A word-for-word copy of the data, pictures excluded, is what this task asks for.

(Provided data)
-- -- --
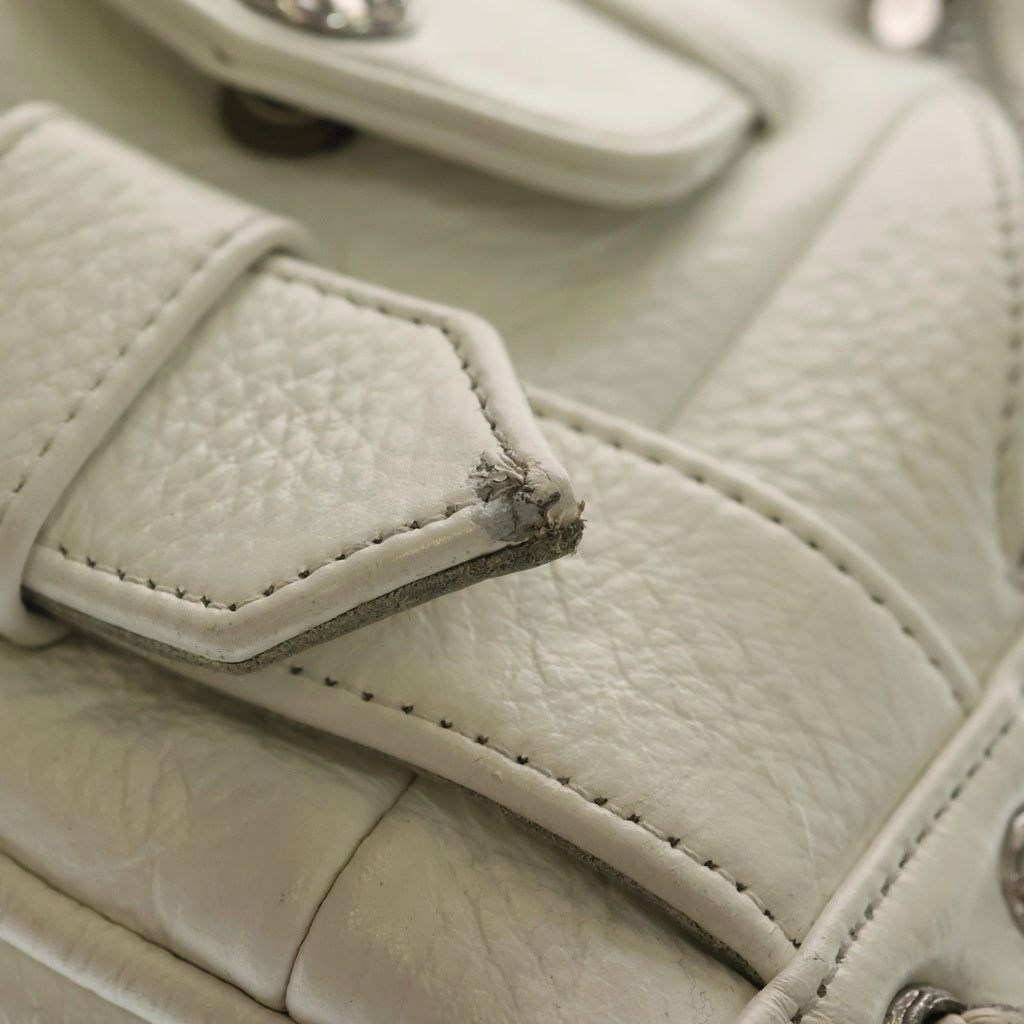 CHROME HEARTS(クロムハーツ) JJ DEAN SML レザーライダースハンドバッグ ホワイト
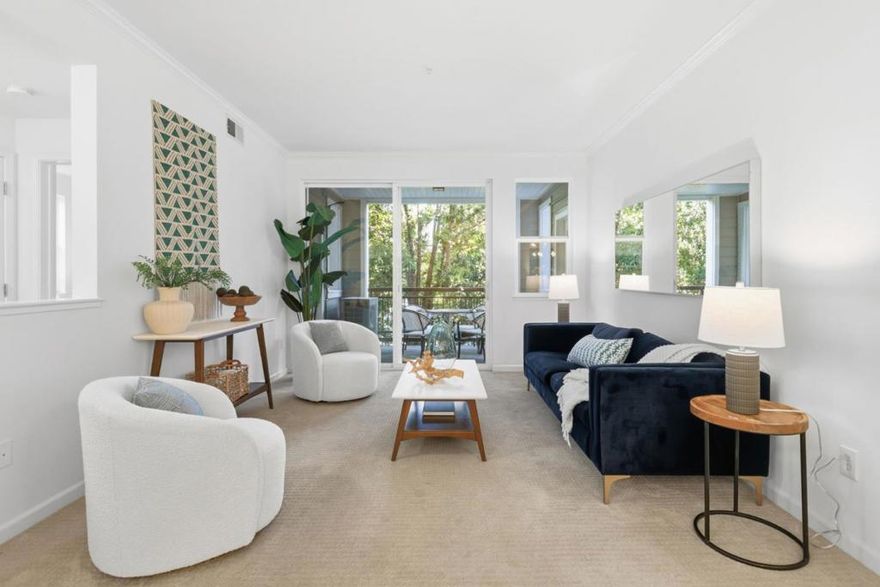 Experience comfort and convenience in this beautifully updated 2-bed, 2-bath condo with 1,197 sq. ft. of thoughtfully-designed living space in the desirable Woodland Creek community WEST of 101. Ideally located just mins from Palo Alto, Menlo Park, Stanford and myriad tech firms, this 2nd floor unit provides unbeatable access to the best of the Peninsula.  This comfortable, modern living space flows together in an open-concept layout. The well-equipped kitchen includes oven/range combo, microwave, dishwasher, refrigerator, and a separate pantry with full-sized washer and dryer. Indoor-outdoor living with a private covered balcony accessible from every room. The primary suite offers dual closets and a private en-suite bath, while the second bedroom includes a walk-in closet and direct balcony access.   Additional highlights include abundant natural light, built-in desk for remote work, gated security, assigned parking, and access to community amenities such as a heated pool, in-ground spa/hot tub and gym/fitness center.  West of Highway 101 and moments from local favorites like Edgewood Plaza, this home offers an exceptional blend of comfort, lifestyle, and value. An ideal opportunity for first-time buyers or investors.
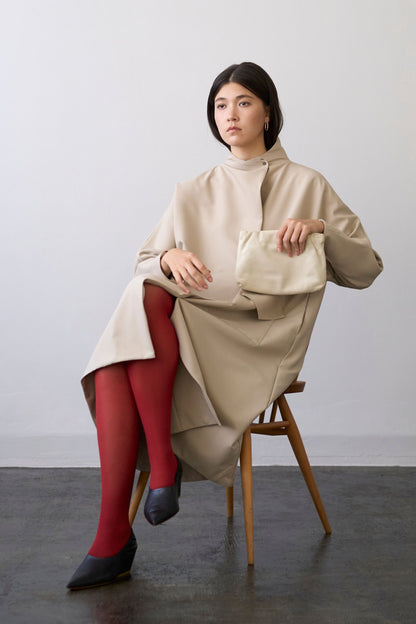 Stand Collar Light Coat - BEIGE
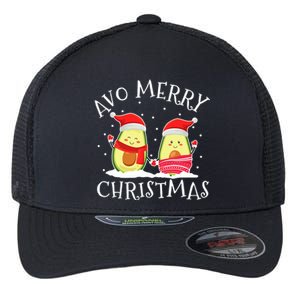 Avo Merry Christmas Avocado Lover Christmas Cute Kawaii Flexfit Unipanel Trucker Cap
-- -- --
(Task response)
 CHROME HEARTS(クロムハーツ) JJ DEAN SML レザーライダースハンドバッグ ホワイト
 Experience comfort and convenience in this beautifully updated 2-bed, 2-bath condo with 1,197 sq. ft. of thoughtfully-designed living space in the desirable Woodland Creek community WEST of 101. Ideally located just mins from Palo Alto, Menlo Park, Stanford and myriad tech firms, this 2nd floor unit provides unbeatable access to the best of the Peninsula.  This comfortable, modern living space flows together in an open-concept layout. The well-equipped kitchen includes oven/range combo, microwave, dishwasher, refrigerator, and a separate pantry with full-sized washer and dryer. Indoor-outdoor living with a private covered balcony accessible from every room. The primary suite offers dual closets and a private en-suite bath, while the second bedroom includes a walk-in closet and direct balcony access.   Additional highlights include abundant natural light, built-in desk for remote work, gated security, assigned parking, and access to community amenities such as a heated pool, in-ground spa/hot tub and gym/fitness center.  West of Highway 101 and moments from local favorites like Edgewood Plaza, this home offers an exceptional blend of comfort, lifestyle, and value. An ideal opportunity for first-time buyers or investors.
 Stand Collar Light Coat - BEIGE
 Avo Merry Christmas Avocado Lover Christmas Cute Kawaii Flexfit Unipanel Trucker Cap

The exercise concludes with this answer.